Maella saw their chance in the Sechnels’ dawning horror. She kicked out of her captors’ grip. This awoke Sethlo from his own shock. He twisted out of his captors’ hold. She kicked another Sechnel in the crotch, remembering Deep as she did. The Sechnel’s grip became like the weight of a butterfly.

Sethlo and Maella made it to the door before the Sechnel could act. On the other side of the door now, Maella slammed it closed. The vibrations jumped out at her. The Sechnel battered the door and dust sprinkled from the hinges. Wood began to crack.

Like at the shed with Barth’s men, Maella opened the door.

One piece of the blue stone crumbled and a small pebble skittered off its surface onto the floor at her feet.

One Door stone, they called it.

The Sechnel shouts vanished behind the insulation of the stone. The walls of the room were stone too. There was no way out unless this door was closed and reopened by someone other than a doormaker.

Maella looked at the work that her hands had created. Blue-grey stone, pockmarked with age, swirling symbols and geometric designs carved in it. Quarter moons surrounding full moons. She bent down and picked up the bit of rock that had fallen off even as her teeth chattered from the wrongness of the open door. The stone pebble matched the second stone in her pocket.

One of her focus relics had been One Door stone?

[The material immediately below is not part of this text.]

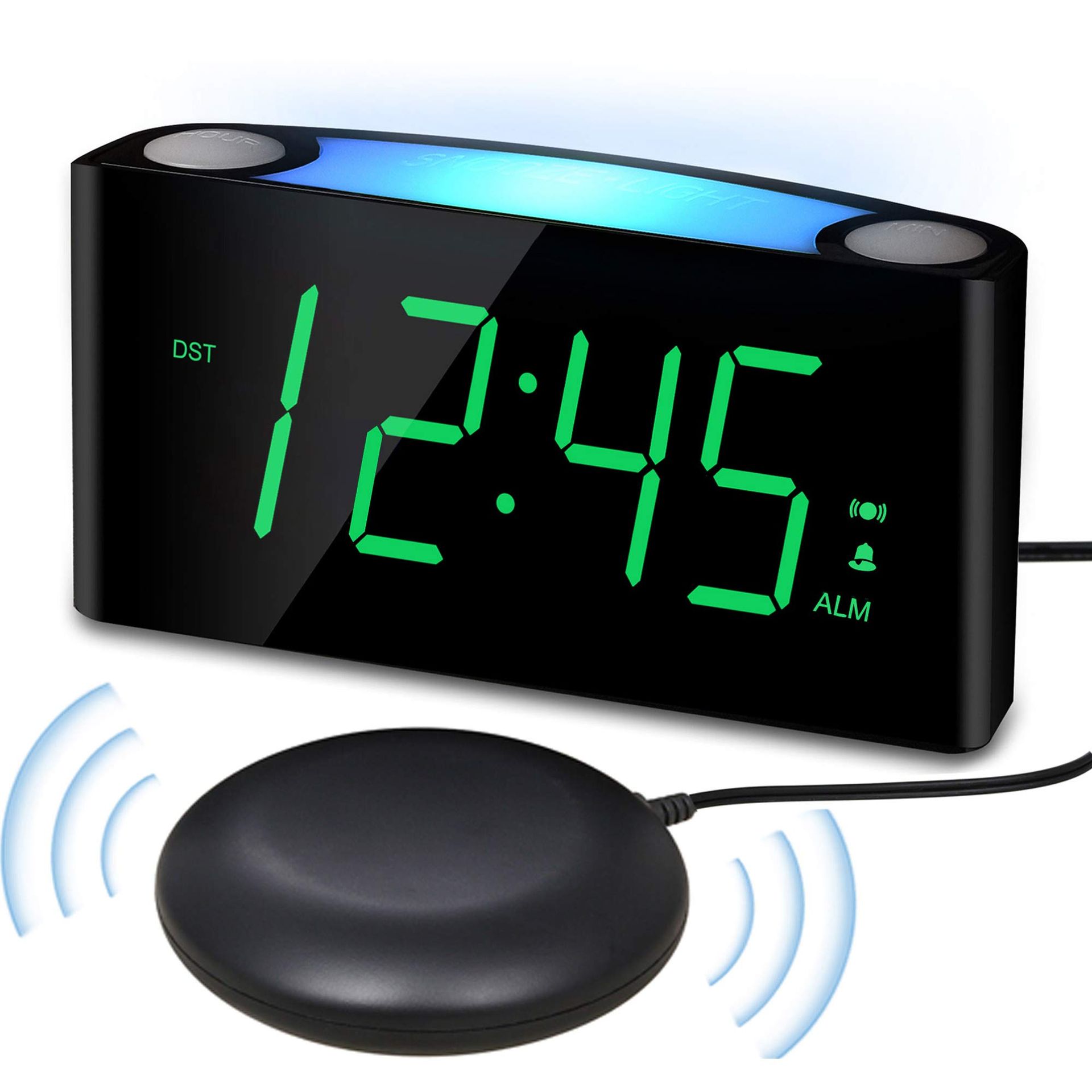 Black digital alarm clock with a green LED display, a vibrating pad, and blue backlight.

She felt stunned by this realization, yet somehow, somehow, deep down, she had known—hadn’t she?

From a nearby room, Maella noticed more scholars had stuck out their heads and were staring at her. They looked scared, like they had seen everything Maella had done with the other door.

“Let’s go,” Sethlo said, tugging at her hand. “Do not follow us or she will do the same to all of you!”

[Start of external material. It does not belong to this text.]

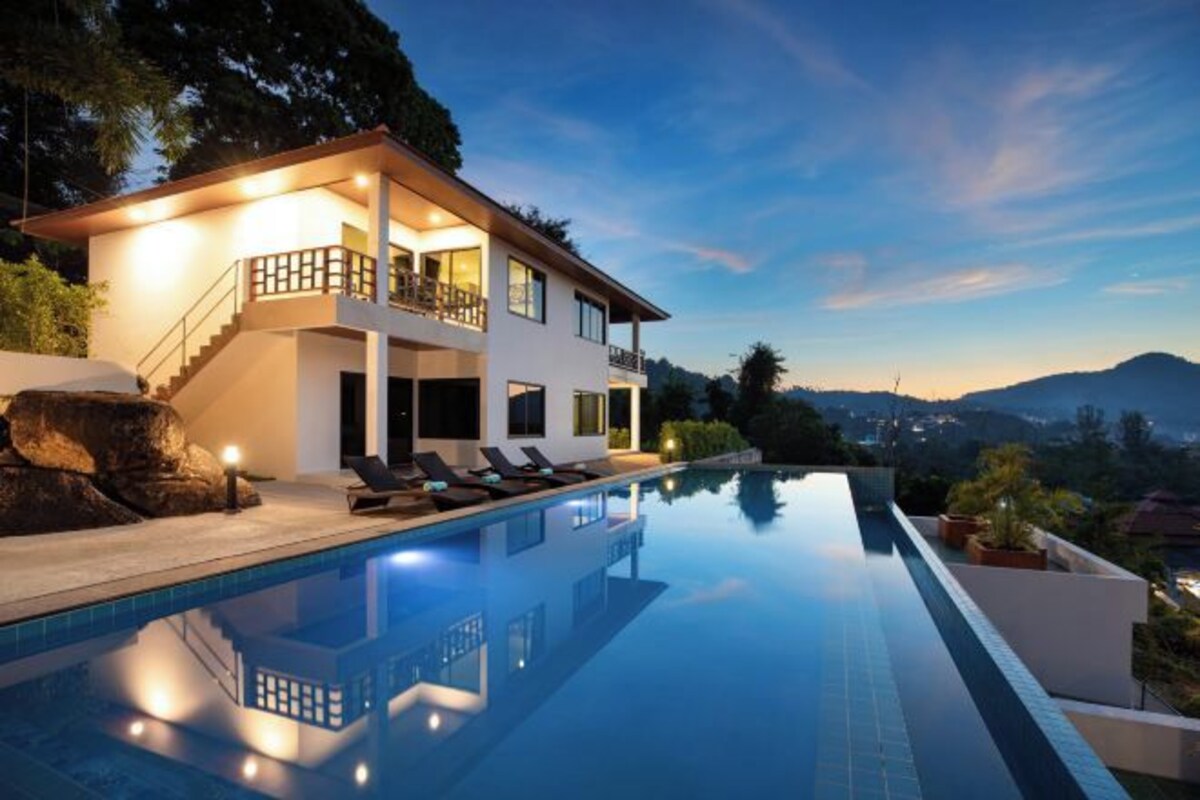 A modern two-story house with a swimming pool, a balcony, and a view of the mountains.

As if as one person, the blood drained from the scholars’ faces and they ducked back inside the room.

“How long do you think it will take for them to realize they can free the Sechnel by closing my door?” Maella said.

Sethlo shook his head. “The scholars will realize soon that going into a room with no windows and a single door is a dangerous thing to do around a doormaker. Let us get out of here.”

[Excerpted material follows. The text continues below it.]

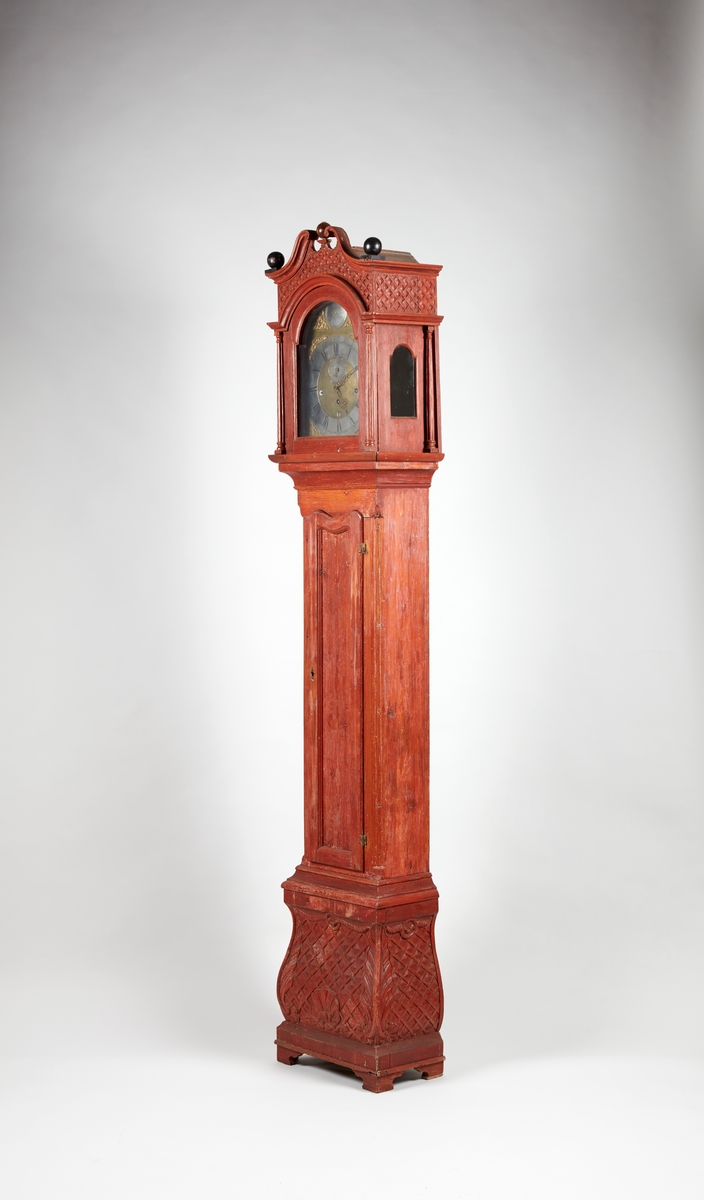 Gulvur i antatt sekundær kasse. Buet toppstykke med brutt gavl og vinduer til urverket på sidene. Rektangulær hoveddel med svungen sokkel nederst. Toppstykket dekorert med utskåret gitterverk øverst samt tre kuler på gesimsen og søyler på hver side av lysåpningen. Hoveddelen av kassen med pendeldøren er udekorert, sokkelen dekorert med utskåret gitterverk samt blader (akantus) på sidene og musling på midten nederst. Hele kassen malt ensfarget rød, kulene på gesimsen er sorte.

They paused at the Sechnel temple door, listening for sounds of the mob. Satisfied at the quiet and hearing Sechnel feet approach, they fled back into the street. They attempted a different route to the Library of Souls. The streets were empty, houses closed up, no person or mob in sight, though trash had spread everywhere. Here and there a house had been emptied out, its doors and windows broken.

“They know who I am now,” Maella said.

“We have to get help,” Sethlo said. “Utheril.”

“No,” Maella said, feeling something change in her heart—an inevitable darkness for what she was about to do. “We have to find Tomi.”